Bel-Ami

Guy de Maupassant,  Bel-Ami
Guy de Maupassant, Bel-Ami

Roman de Guy de Maupassant, publié en feuilleton dans le Gil-Blas (1885).

Employé aux chemins de fer, Georges Duroy, plus tard « du Roy », enfin « du Roy de Cantel », devient, après deux mariages et quelques liaisons, directeur d'un grand journal parisien. Cette position privilégiée le met au cœur des scandales qui agitent la France des premières années de la Troisième République, sous la triple influence des hommes politiques, des financiers et des femmes : un Rastignac de la deuxième génération.

En faisant d’un homme ambitieux et opportuniste la figure principale de son livre, Maupassant joue sur les sentiments ambigus du lecteur. Georges Duroy est tour à tour le jouet et l’acteur d’un système corrompu, et il en est pour finir l’observateur – à l’instar de l’auteur avec lequel il partage plusieurs traits, parmi lesquels un grand pouvoir de séduction. La situation de l’ouvrage à l’époque contemporaine en accentue le caractère réaliste, même si le principal thème développé, celui de l’ambition personnelle et de l’élévation sociale, souligne l’empreinte de Balzac.

Morceaux choisis

« Dis donc, mon vieux, sais-tu que tu as vraiment du succès auprès des femmes ? Il faut soigner ça. Ça peut te mener loin. »
Il se tut une seconde, puis reprit, avec ce ton rêveur des gens qui pensent tout haut :
« C'est encore par elles qu'on arrive le plus vite. »

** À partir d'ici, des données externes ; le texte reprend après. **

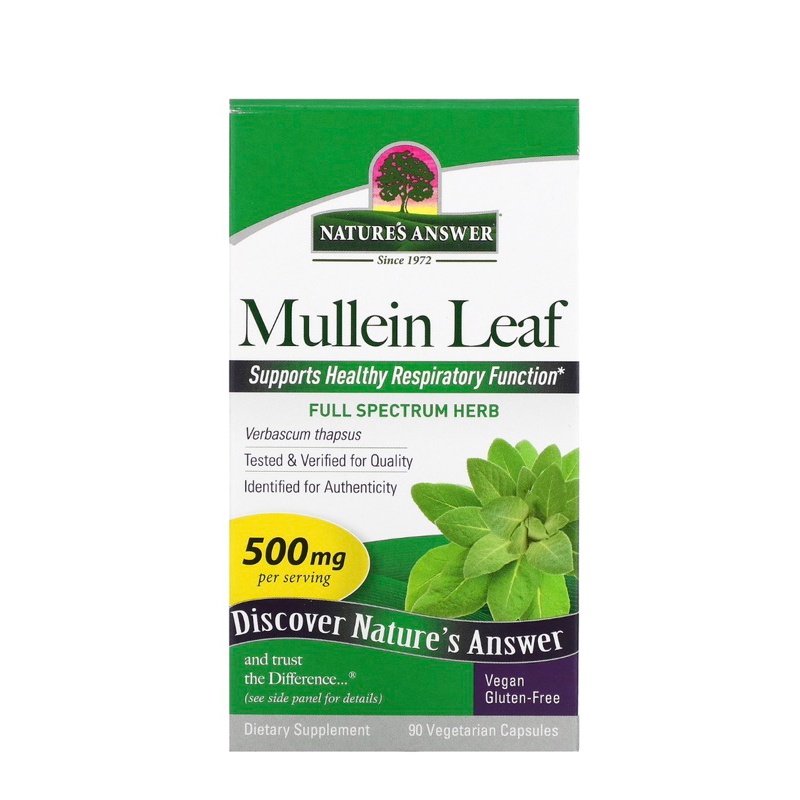 Natures Answer Mullein Leaf 500 mg Vegetarian Capsules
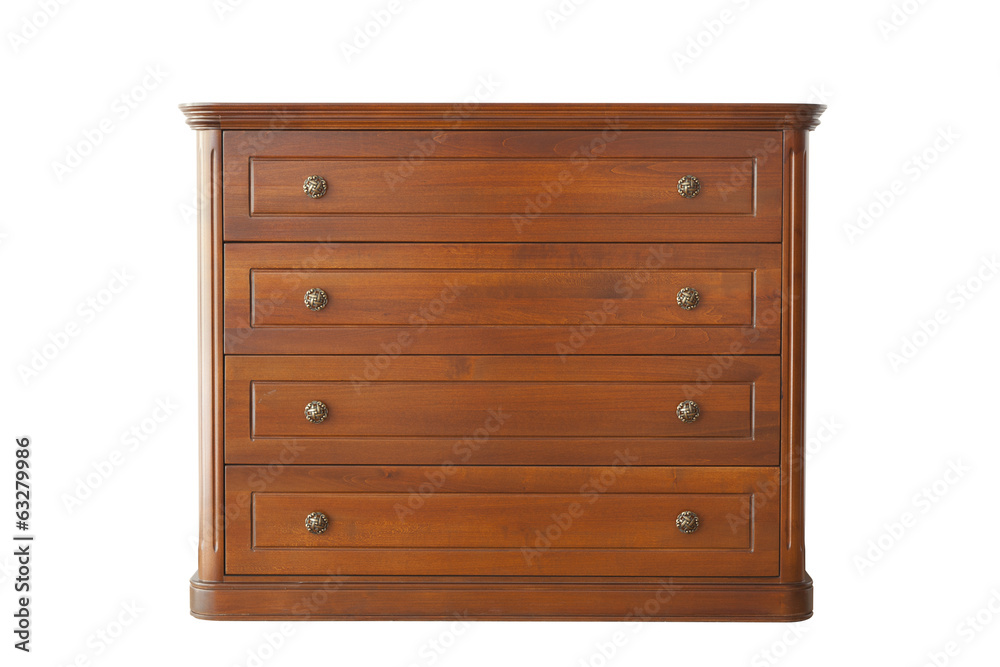 Brown cabinet of wood isolated on white background Brown cabinet of wood isolated on white background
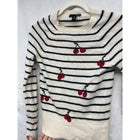 Aqua Cashmere Women's Cherry Black White Stripe Sweater XS Novelty Print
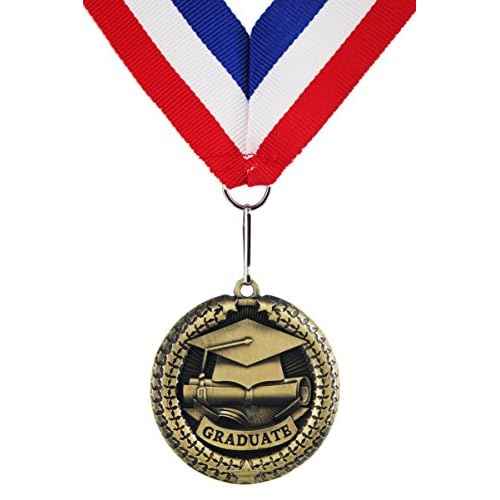 GraduationMall Graduation Medallion, Graduation Award Medal with Neck Ribbon, Copper (Zinc Alloy)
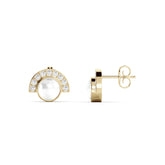 זוג עגילים מניפה פנינה ויהלומים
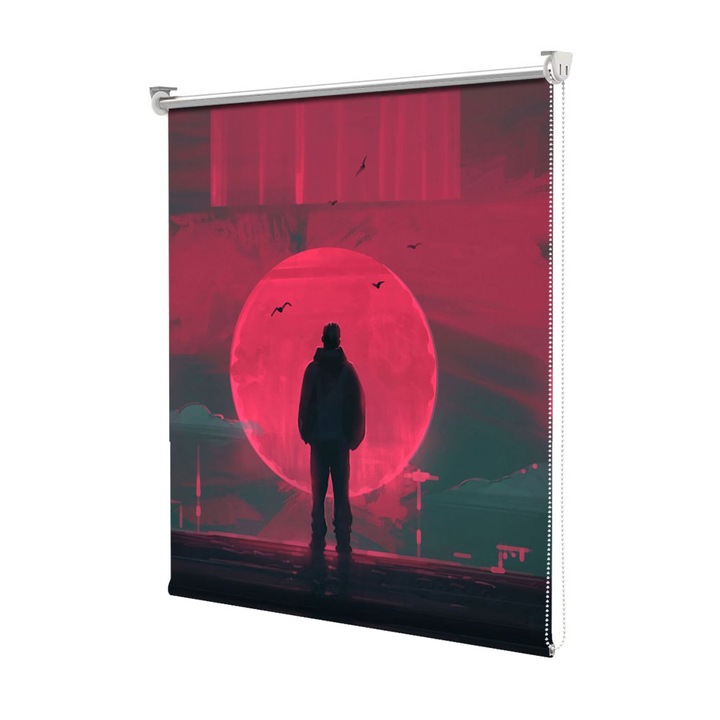 Roleta Art Shade tip Jaluzea cu Rulou si sistem inclus, Art Star, Privind apusul, Animatii, Decoratiuni, Latime 95 cm x Inaltime 130 cm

(Première partie, chapitre Ier).

En arrivant au second étage, il aperçut une autre glace et il ralentit sa marche pour se regarder passer. Sa tournure lui parut vraiment élégante. Il marchait bien. Et une confiance immodérée en lui-même emplit son âme.

(Première partie, chapitre II).

Georges et Madeleine rentrèrent fort tard. […]
En arrivant sur le palier du premier étage, la flamme subite [de la bougie] fit surgir dans la glace leurs deux figures illuminées au milieu des ténèbres de l'escalier.
[…] Du Roy leva la main pour bien éclairer leurs images, et il dit, avec un air de triomphe :
« Voilà des millionnaires qui passent. »

(Deuxième partie, chapitre VI).

Georges reprit le bras de Suzanne pour retraverser l'église. Elle était pleine de monde, car chacun avait regagné sa place afin de les voir passer ensemble. Il allait lentement, d'un pas calme, la tête haute, les yeux fixés sur la grande baie ensoleillée de la porte. Il sentait sur sa peau courir de longs frissons, ces frissons froids que donnent les immenses bonheurs. Il ne voyait personne, il ne pensait qu'à lui. Lorsqu'il parvint sur le seuil, il aperçut la foule amassée, une foule noire, bruissante, venue là pour lui, pour lui Georges Du Roy. Le peuple de Paris le contemplait et l'enviait. Puis, relevant les yeux, il découvrit là-bas, derrière la place de la Concorde, la Chambre des députés. Et il lui sembla qu'il allait faire un bond du portique de la Madeleine au portique du Palais-Bourbon. Il descendit avec lenteur les marches du haut perron entre deux haies de spectateurs. Mais il ne les voyait point; sa pensée maintenant revenait en arrière, et devant ses yeux éblouis par l'éclatant soleil flottait l'image de Mme de Marelle rajustant en face de la glace les petits cheveux frisés de ses tempes, toujours défaits au sortir du lit.

(Deuxième partie, chapitre X [fin du roman]).